Notice the difference between having no elements, and having elements which values are undefined. Unfortunately, the property accessor expression will evaluate to the undefined value in both cases, so:
arr1[0] // undefined
arr2[0] // undefined
However, there is a way to differentiate these two arrays:
'0' in arr1 // false
'0' in arr2 // true
var a = new Array(4);
This defines a new array object with an explicit length of 4, but no elements.
var b = [undefined, undefined, undefined, undefined];
This defines a new array object with an implicit length of 4, with 4 elements, each with the value undefined.
From the docs:
callback is invoked only for indexes of the array which have assigned
values; it is not invoked for indexes which have been deleted or which
have never been assigned values.
For array a, there are no elements that have been assigned values, so it does nothing.

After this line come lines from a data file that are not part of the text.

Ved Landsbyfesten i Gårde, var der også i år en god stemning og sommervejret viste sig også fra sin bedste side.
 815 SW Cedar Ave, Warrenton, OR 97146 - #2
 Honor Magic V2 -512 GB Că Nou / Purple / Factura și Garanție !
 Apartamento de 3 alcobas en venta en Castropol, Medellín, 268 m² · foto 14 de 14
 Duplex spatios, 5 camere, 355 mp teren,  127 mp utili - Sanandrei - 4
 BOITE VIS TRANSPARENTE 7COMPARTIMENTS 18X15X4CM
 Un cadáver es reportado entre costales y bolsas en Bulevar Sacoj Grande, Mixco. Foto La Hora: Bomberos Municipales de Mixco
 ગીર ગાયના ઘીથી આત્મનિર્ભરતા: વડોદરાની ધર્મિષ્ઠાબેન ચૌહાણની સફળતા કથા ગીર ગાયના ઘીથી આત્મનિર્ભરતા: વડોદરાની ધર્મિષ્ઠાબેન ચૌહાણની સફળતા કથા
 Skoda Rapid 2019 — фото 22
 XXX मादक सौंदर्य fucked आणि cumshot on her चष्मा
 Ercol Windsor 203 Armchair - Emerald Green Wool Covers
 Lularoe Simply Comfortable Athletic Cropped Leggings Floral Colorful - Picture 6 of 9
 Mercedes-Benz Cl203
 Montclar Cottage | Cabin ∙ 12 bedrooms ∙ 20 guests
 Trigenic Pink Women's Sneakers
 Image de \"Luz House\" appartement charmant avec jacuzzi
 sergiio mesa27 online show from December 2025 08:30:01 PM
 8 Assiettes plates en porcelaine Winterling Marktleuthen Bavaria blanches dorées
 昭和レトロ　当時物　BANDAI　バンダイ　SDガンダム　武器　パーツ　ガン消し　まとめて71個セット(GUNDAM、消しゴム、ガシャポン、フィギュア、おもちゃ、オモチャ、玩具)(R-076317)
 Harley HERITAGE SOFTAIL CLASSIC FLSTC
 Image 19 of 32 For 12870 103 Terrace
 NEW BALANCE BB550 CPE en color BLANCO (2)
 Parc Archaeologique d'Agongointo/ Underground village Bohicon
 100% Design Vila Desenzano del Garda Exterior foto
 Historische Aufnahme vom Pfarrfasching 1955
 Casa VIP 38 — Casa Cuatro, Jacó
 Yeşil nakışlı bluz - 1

For array b, there are four elements that have been assigned values (yes, undefined is a value), so it maps all four elements to the number 14.
new Array(len) creates an empty array, and does something different than filling it with undefined values: It sets its length to len. So, it translates to this code:
var newArr = [];
newArr.length = len;
Let's have some fun with newArr (assuming that len = 4):
newArr.length; //4
newArr[1] === undefined; //true
newArr.hasOwnProperty(1); //false
This is because while the is 4 items long, it does not contain any of these 4 items. Imagine an empty bullet-clip: It has space for, say, 20 bullets, but it doesn't contain any of them. They weren't even set to the value undefined, they just are...undefined (which is a bit confusing.)
Now, Array.prototype.map happily walks along your first array, chirping and whistling, and every time it sees an array item, it calls a function on it. But, as it walks along the empty bullet-clip, it sees no bullets. Sure, there are room for bullets, but that doesn't make them exist. In here, there is no value, because the key which maps to that value does not exist.
For the second array, which is filled with undefined values, the value is undefined, and so is the key. There is something inside b[1] or b[3], but that something isn't defined; but Array.prototype.map doesn't care, it'll operate on any value, as long as it has a key.
For further inspection in the spec:
new Array(len) : http://es5.github.com/#x15.4.2.2
Array.prototype.map : http://es5.github.com/#x15.4.4.19 (pay close attention to step 8.b)
One additional answer on the behavior of console.log. Plain simple, the output is sugar and technically wrong.
Lets consider this example:
var foo = new Array(4),
bar = [undefined, undefined, undefined, undefined];
console.log( Object.getOwnPropertyNames(bar) );
console.log( Object.getOwnPropertyNames(foo) );
As we can see in the result, the .getOwnPropertyNames function returns
["length"]
for the foo Array/Object, but
["length", "0", "1", "2", "3"]
for the bar Array/Object.
So, the console.log just fools you on outputting Arrays which just have a defined .length but no real property assignments.